Fuel cell companies have said the expiration of the ITC is a blow to their business prospects. Bloom Energy told the State of Delaware late in October the expiration was “stifling Bloom’s growth” and “negatively impacted our business growth plans.” Under the terms of a 2012 grant agreement, Bloom promised to create 900 jobs in Delaware in return for a state grant, certain income guarantees, rent-free facilities and other enticements. Bloom reported only 302 workers and has returned $1.5 million to the State.
FuelCell Energy and Plug Power (purchasers can claim the credit for its forklift systems) also were affected. Both took steps to lessen the impact. FuelCell Energy is moving to a Power Purchase Agreement model, telling shareholders it can make more money with that approach than with simply selling units. Plug struck purchase agreements with Wal-Mart and Home Depot, as previously reported, that swap sales for stock warrants. The first bill for this arrangement came due last quarter: Plug reduced revenue by $26.1 million and warned investors in November of much more to come.
The longstanding California effort to encourage fuel cells for buses appears finally to be taking hold, at least in a modest way. The Department of Energy reported in November that the fuel cell bus fleet in California is expected to more than double in the next year or two. Four transit agencies in California are collectively operating 19 buses in 2017; two of these fleets will add a total of 33 more units. The bus fleet in Ohio will expand from five to 12, while three other transit agencies will each be operating one bus. This would bring the grand total of fuel cell buses operating in the US to 48. While California has adopted regulatory incentives, and offers some financial support for demonstrations, in general US cities and states have not yet stepped up with meaningful support. Despite decades of effort and technical progress, fuel cell buses are still in “demonstration mode” in the US.

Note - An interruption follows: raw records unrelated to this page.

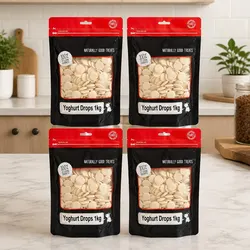Yoghurt Drops for Dogs 1kg x4: Healthy Training Treats
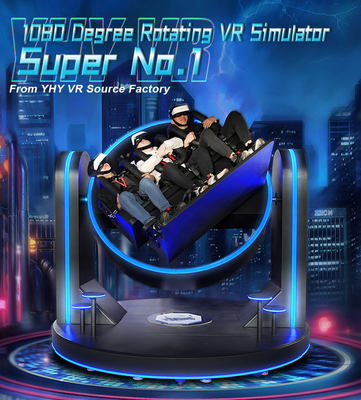 Attrezzatura eccellente di realtà virtuale delle montagne russe 9d simulatore di rotazione di 1080 gradi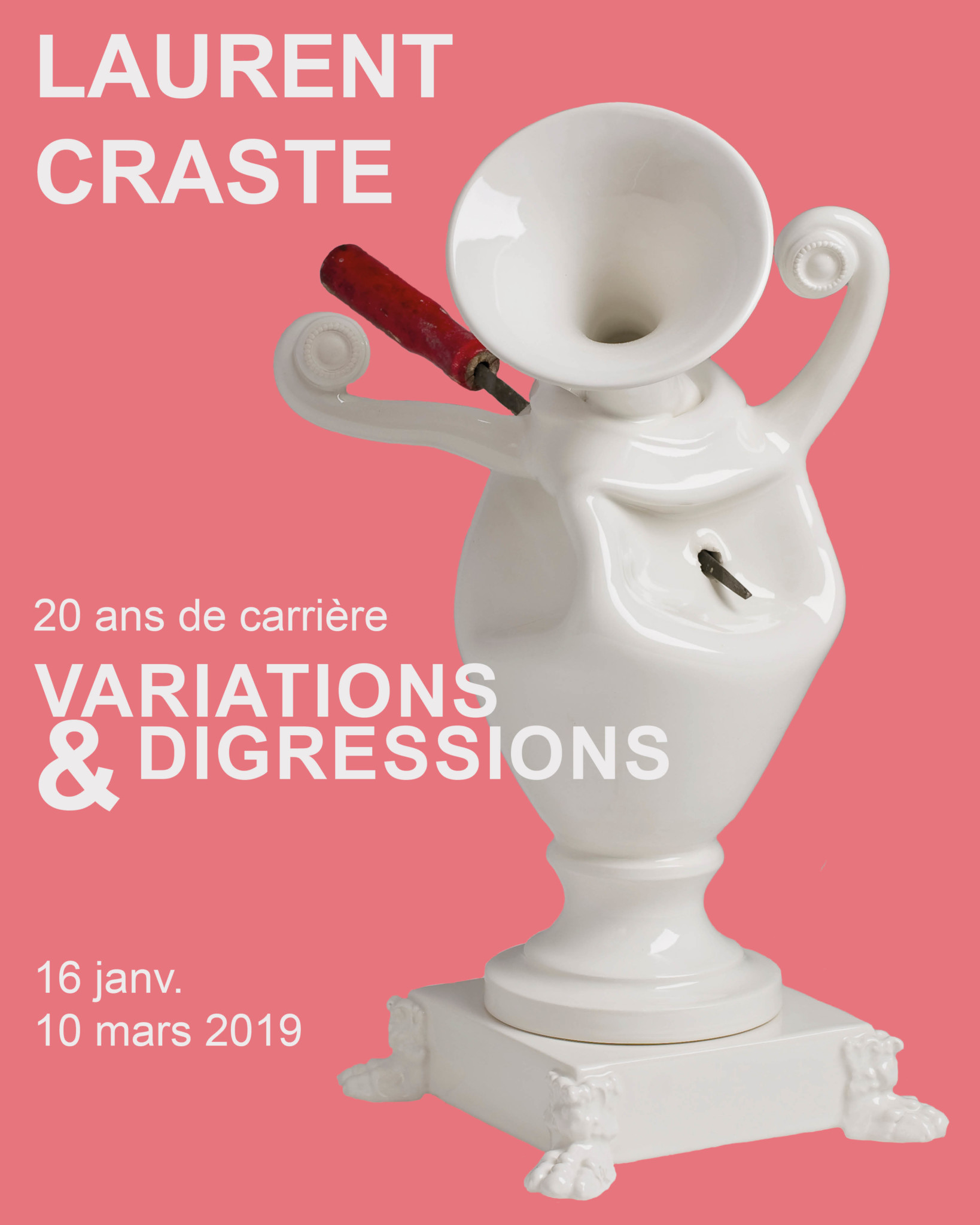 Exposition - Laurent Craste, 20 ans de carrière : variations & digressions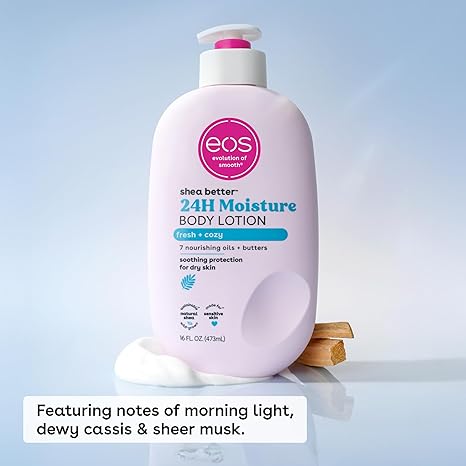 eos Shea Better Body Lotion, Fresh & Cozy, 24-Hour Moisture Skin Care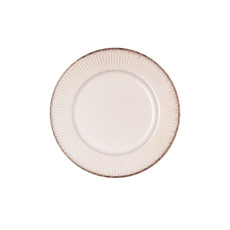 Imagem de PRATO PARA SOBREMESA DE CERÂMICA LINEAR 20CM BRANCO  - Coliseu Presentes Ltda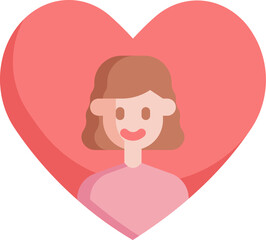 mom illustration on a white background   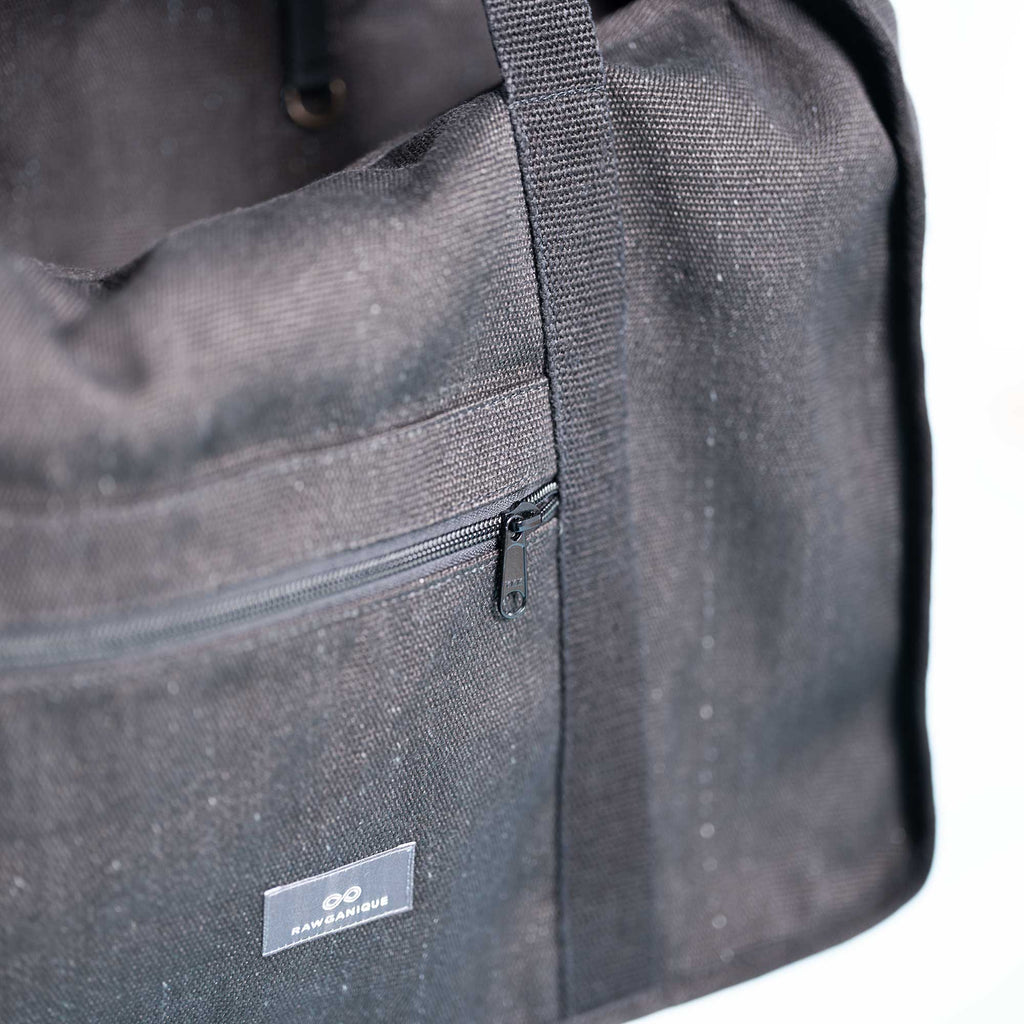 INCOGNITO Handmade 100% Organic Hemp Maximum Carry-on Boston Luggage (22x14x9) (99.9% Biodegradable)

Exxon-Mobil is running television advertisements featuring their research partnership with FuelCell Energy to develop a low cost carbon capture technology for power generation. Exxon-Mobil has had a longstanding interest in fuel cells and in reforming gasoline, though its recent official position has been that carbon fuels will be with us for a long time. With Shell’s entry into the hydrogen fueling market in California, it is possible Exxon is reassessing. They certainly feel good enough about their relationship with FCE to develop the new ads. They were seen during American football games, a premium time slot.